Repository files navigation

ceph-monit

This repository contains all of the grafana dashboards, prometheus rules and alerts used by the Ceph team.

It mainly relies on Jsonnet and Prometheus mixins to generate the dashboards and the Prometheus alerts/rules.

Development

All the external Jsonnet dependencies are handled by jsonnet-bundler.

To generate the dashboards and the Prometheus rules/alerts you need to install jsonnet, jsonnet-bundler and install the jsonnet dependencies with jb install. Then you can run make which will generate dashboards_out/, alerts.yaml and rules.yaml.

In case you want to update a dependency, you need to update jsonnetfile.json and then update the lock file by invoking the jsonnet-bundler (i.e. with jb update).

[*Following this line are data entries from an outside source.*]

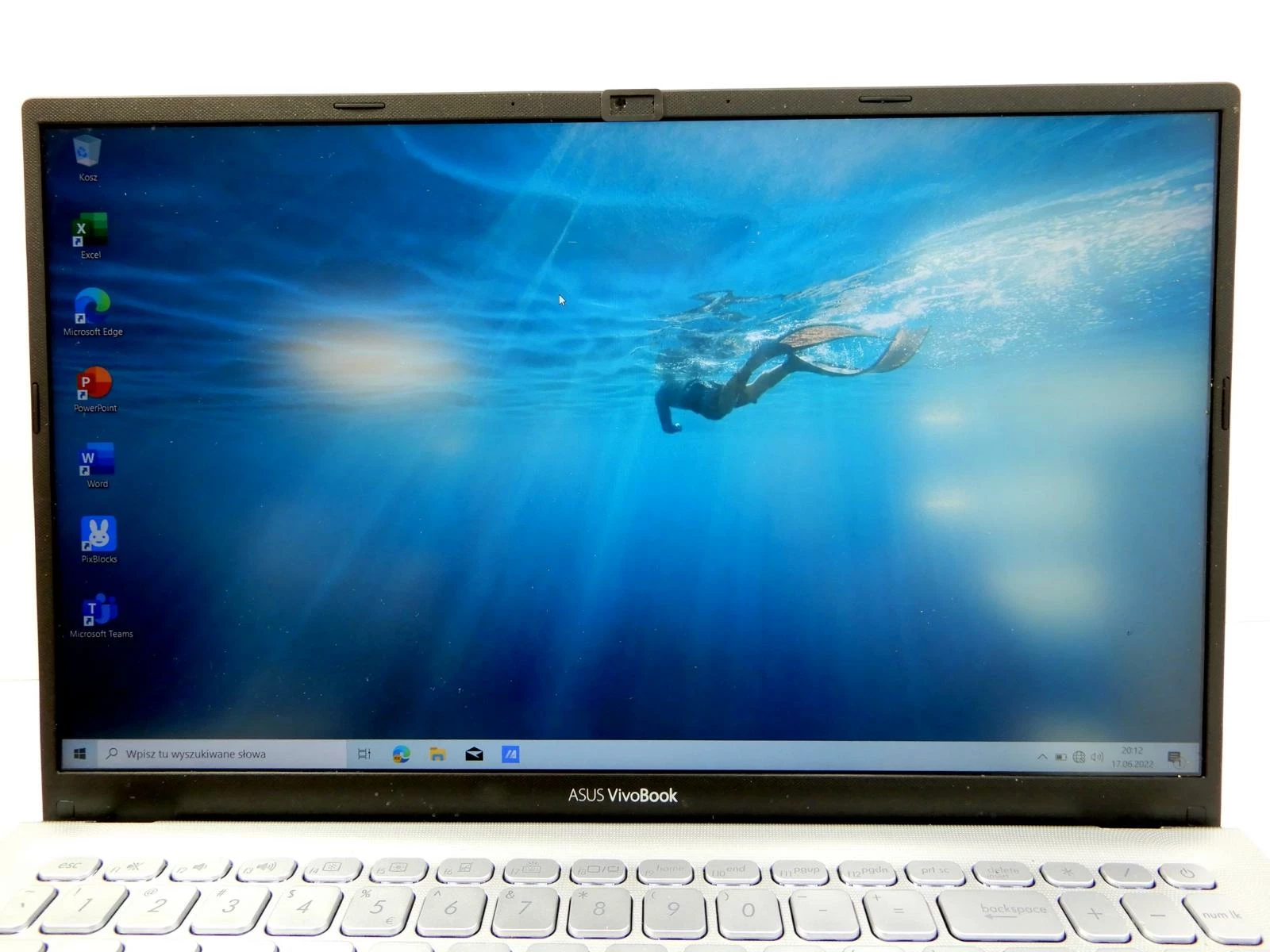 laptop-asus-vivobook-k512j-i5-1035g18gb512gb-ss-typ-dysku-twardego-ssd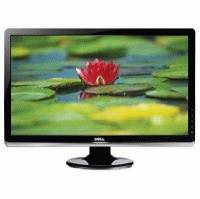 монитор Dell ST2320Lf Черный
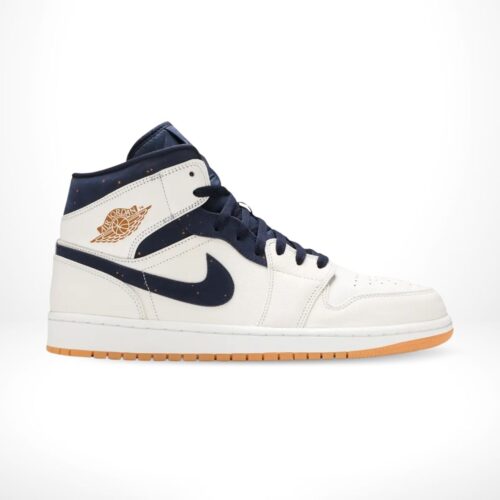 Air Jordan 1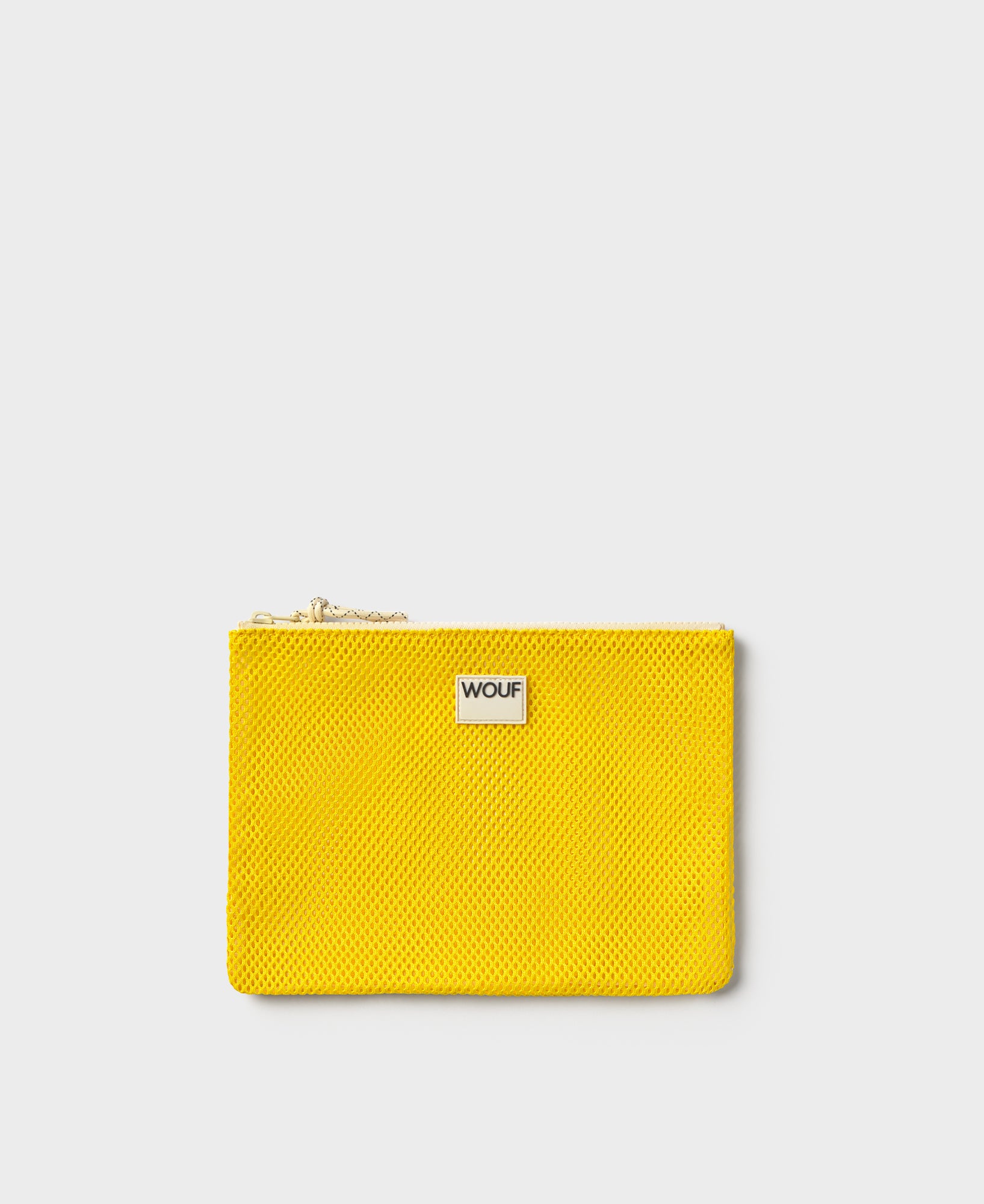 Wouf Purse El Çantası // Ray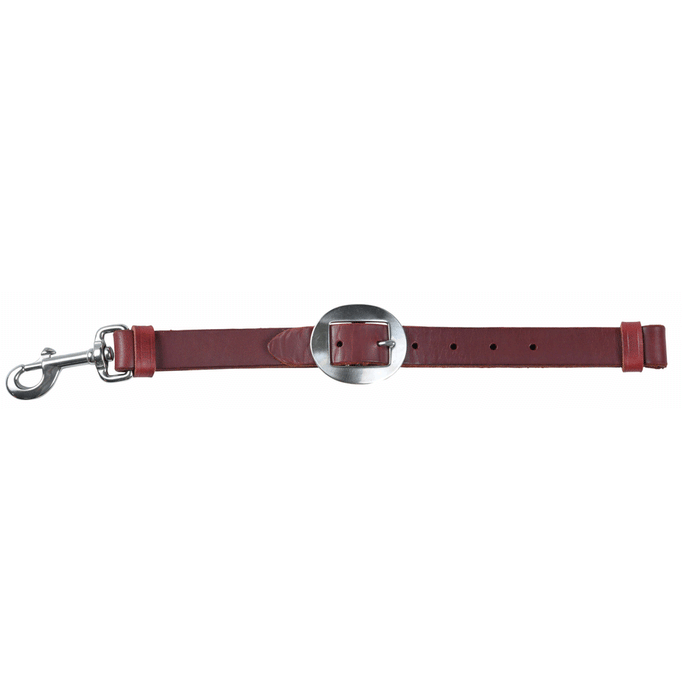 Teskey's 1" Replacement Girth Strap Tack - Saddle Accessories Teskey's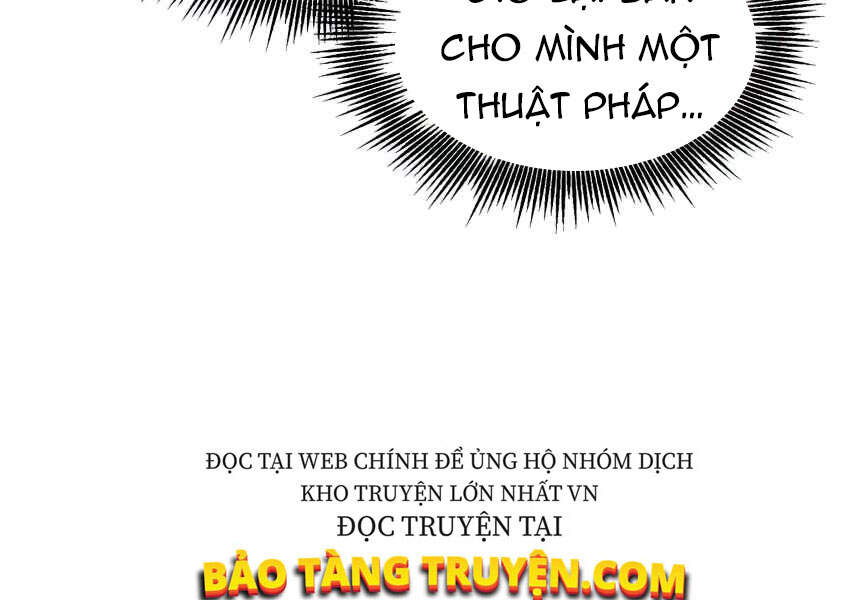 Thiên Quỷ Chẳng Sống Nổi Cuộc Đời Bình Thường Chap 17 - Next Chap 18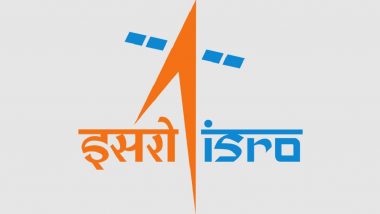 UP: Atal Residential School’s Girl Student Selected for ISRO Visit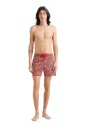 maillot-de-bain-court-stretch-oursinades
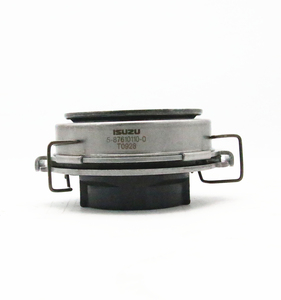 Phụ Tùng Ô Tô Giá Trị Tốt Nhất Khối Cần Số Ly Hợp NKR77 4JH1 5-87610110-0 5876101100 - Product Image 3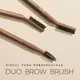 Océane Duo Brow - Pincel para Sobrancelhas (5)
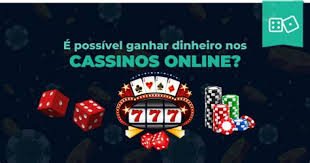 Layar kategori pasar olahraga di togel 808 menampilkan jadwal Liga 1, Piala AFF, dan Champions League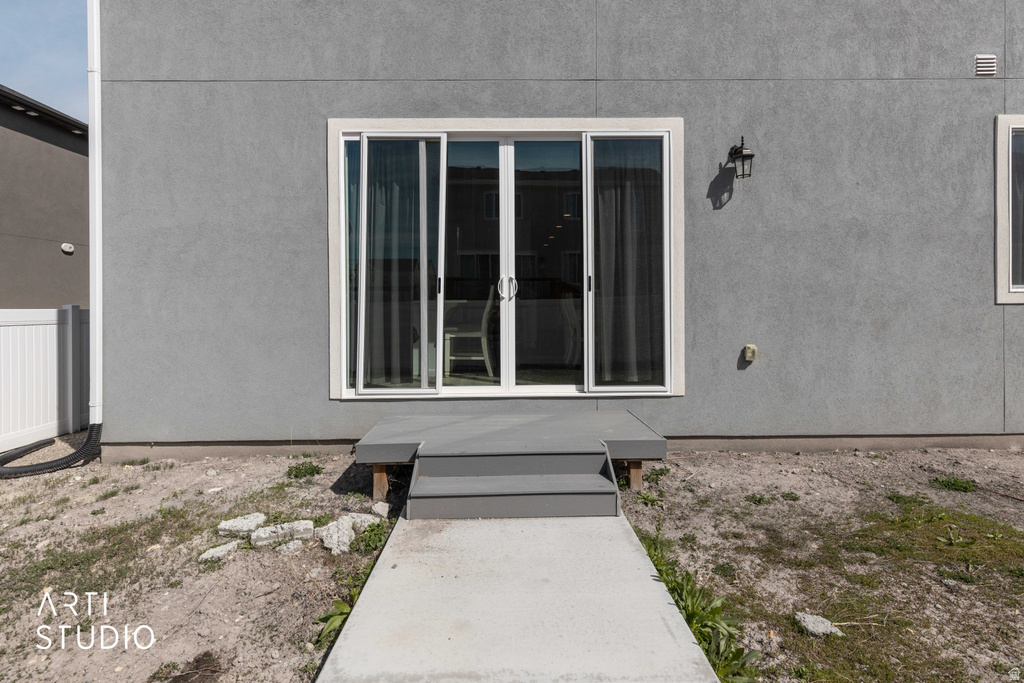 1131 W 400 S Brigham City, UT 84302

If you want to add a mixin you would need to add a file in mixins/${mixin_name}.libsonnet where you would import the external mixin and update the config as you want (see mixins/node-mixin for an example). Then you can add the mixin in mixins.libsonnet.

For internal dashboards/alerts/rules related to Ceph we have our own mixin in mixins/cern-ceph-mixin/, before creating anything here please check for an existing open source mixin.

Deployment

The dashboards are deployed with Terraform (see the terraform/ folder) to monit-grafana as the production environment and monit-grafana-dev as the qa environment (deployed on every PR, state here represent the latest pipeline run on PR/main). Dashboards should not be edited manually on Grafana, if you want to test a dashboard please copy an existing dashboard or create a new one.

Once they reach the main branch, alerts/rules are automatically pushed to the ceph hostgroup in a PR(see utils/make_mr.py). Alerts and rules in the hostgroup should not be edited manually.